DATA SUPPLIED START

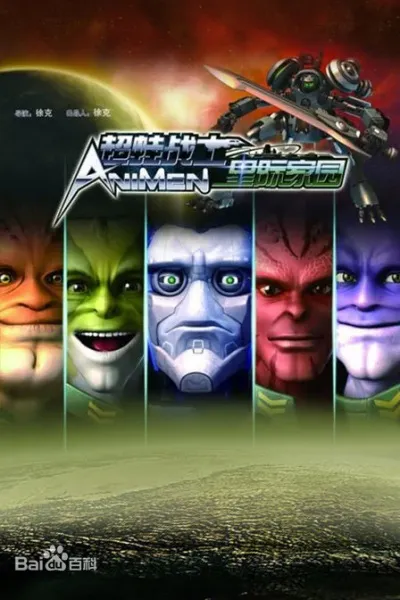 Chao Wa Zhanshi: Xingji Jiayuan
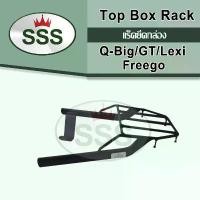ราคา แร็คท้าย YAMAHA QBIX / GT125 / LEXI / FREEGO งาน SSS แคมแต่ง เวฟ 100 ชุด เบรก หลัง 125 ไฟหน้า เวฟ 100 กล่องไฟ 4 ปั๊มบน ฐาน ดํา แท้ กระจก แต่ง pcx 150 (1732148033666188373)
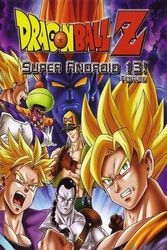 DRAGON BALL Z MOVIE 07: SUPER ANDROID 13 (DUB) (Dragon Ball Z Movie 07: Kyokugen Battle!! Sandai Super Saiyajin)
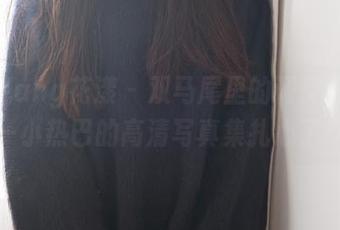HuaYang花漾 – 双马尾里的调皮捣蛋——小热巴的高清写真集扎心了！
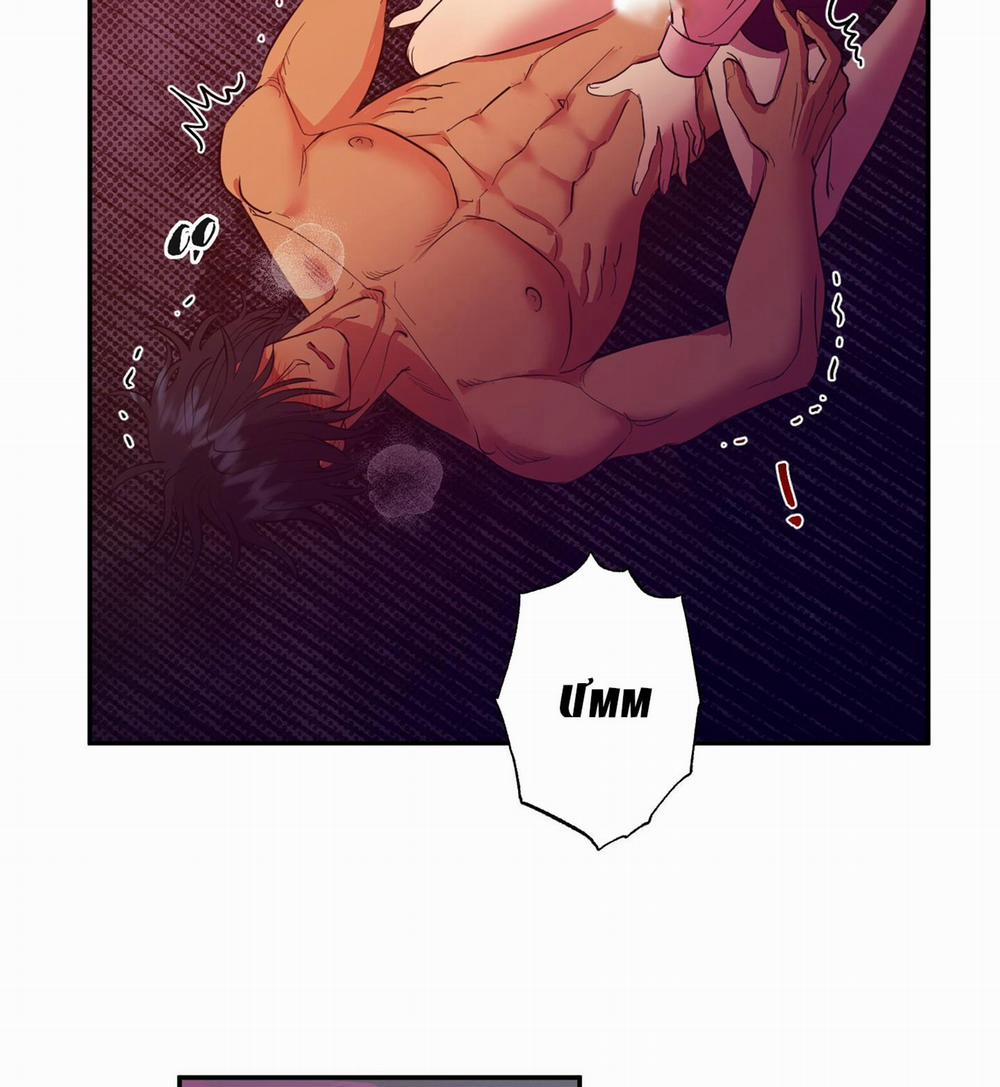 Một Lòng Một Dạ 11 trang 37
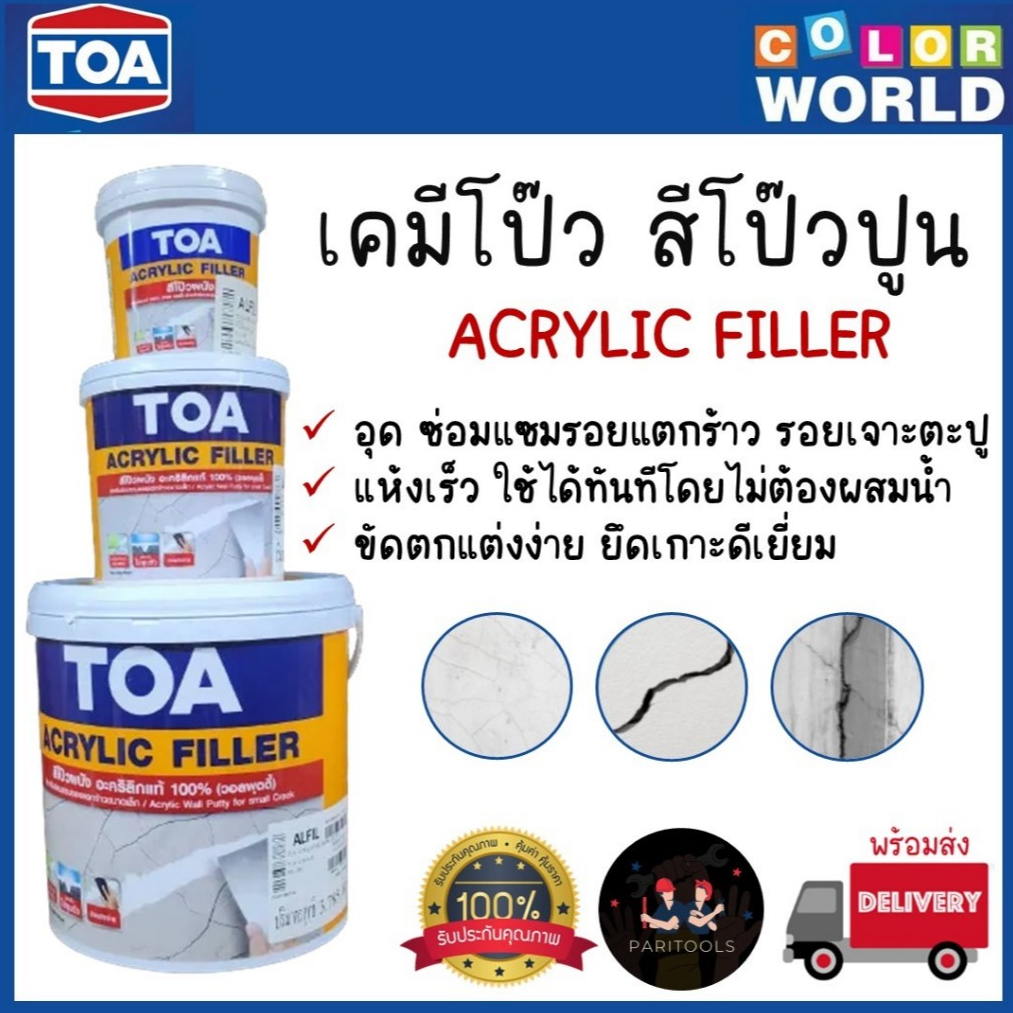 TOA สีโป๊ว เคมีโป๊ว อะคริลิก ฟิลเลอร์ อุด โป๊ว รอยแตกร้าว มีหลายขนาดให้เลือก #Acrylic Filler
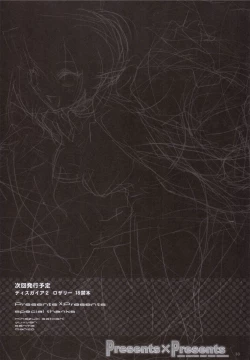 Page 32 of Presents X Presents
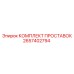 2657402794 КОМПЛЕКТ ПРОСТАВОК Epiroc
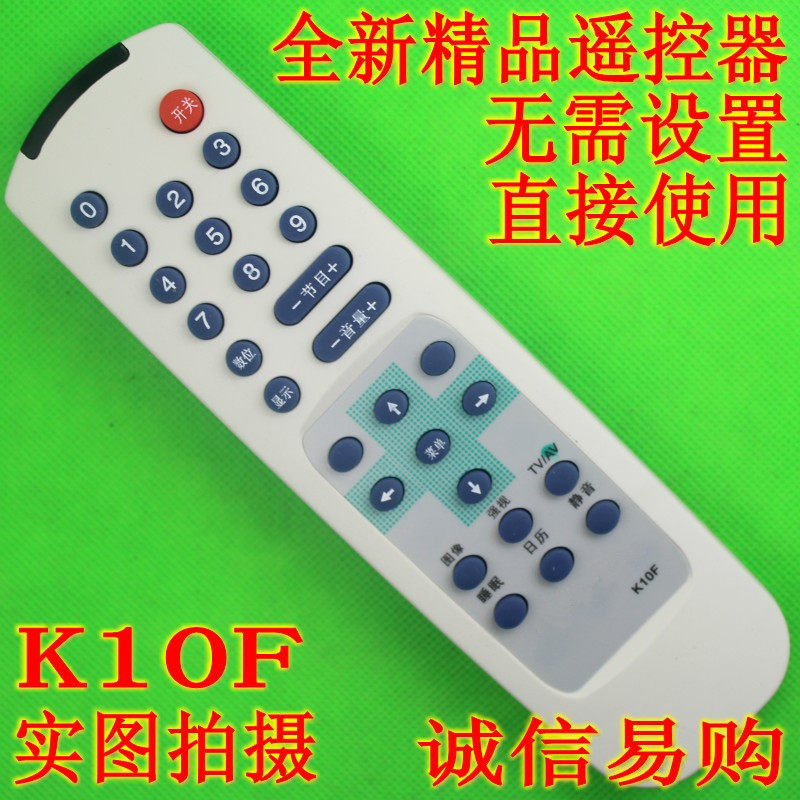 Changhong TV remote control K10F K10B PF21B8 H21K59 (B) G2938 G2539 G2529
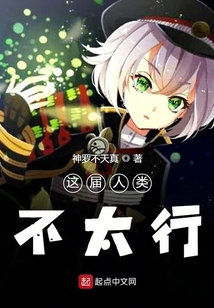 這屆人類不太行
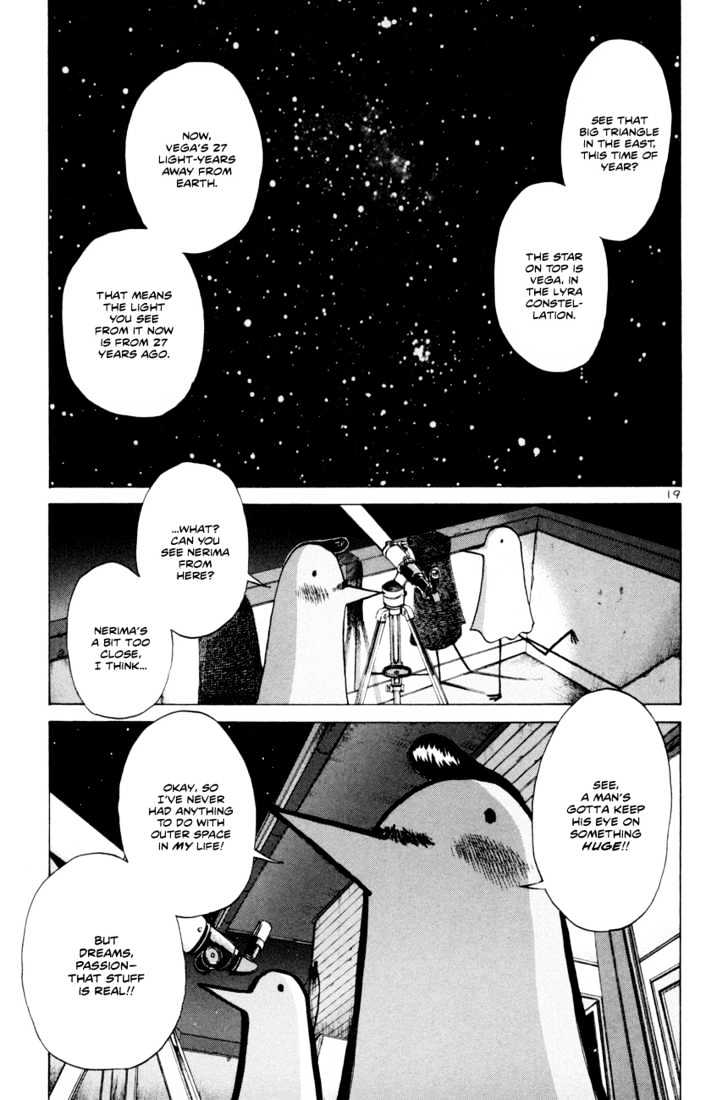 Oyasumi Punpun (Goodnight Punpun) Manga Chapter 1 page 23 - Chapter 1 scene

DATA SUPPLIED END

▶ [WHAT YOU WILL DO]:
Your answer must be an exact repeat of the records above, with the pictures left out.

▶ [RESULT OF THIS EXERCISE]:
 Chao Wa Zhanshi: Xingji Jiayuan
ราคา แร็คท้าย YAMAHA QBIX / GT125 / LEXI / FREEGO งาน SSS แคมแต่ง เวฟ 100 ชุด เบรก หลัง 125 ไฟหน้า เวฟ 100 กล่องไฟ 4 ปั๊มบน ฐาน ดํา แท้ กระจก แต่ง pcx 150 (1732148033666188373)
 DRAGON BALL Z MOVIE 07: SUPER ANDROID 13 (DUB) (Dragon Ball Z Movie 07: Kyokugen Battle!! Sandai Super Saiyajin)
HuaYang花漾 – 双马尾里的调皮捣蛋——小热巴的高清写真集扎心了！
 Một Lòng Một Dạ 11 trang 37
 TOA สีโป๊ว เคมีโป๊ว อะคริลิก ฟิลเลอร์ อุด โป๊ว รอยแตกร้าว มีหลายขนาดให้เลือก #Acrylic Filler
 Page 32 of Presents X Presents
 2657402794 КОМПЛЕКТ ПРОСТАВОК Epiroc
 Changhong TV remote control K10F K10B PF21B8 H21K59 (B) G2938 G2539 G2529
 這屆人類不太行
 Oyasumi Punpun (Goodnight Punpun) Manga Chapter 1 page 23 - Chapter 1 scene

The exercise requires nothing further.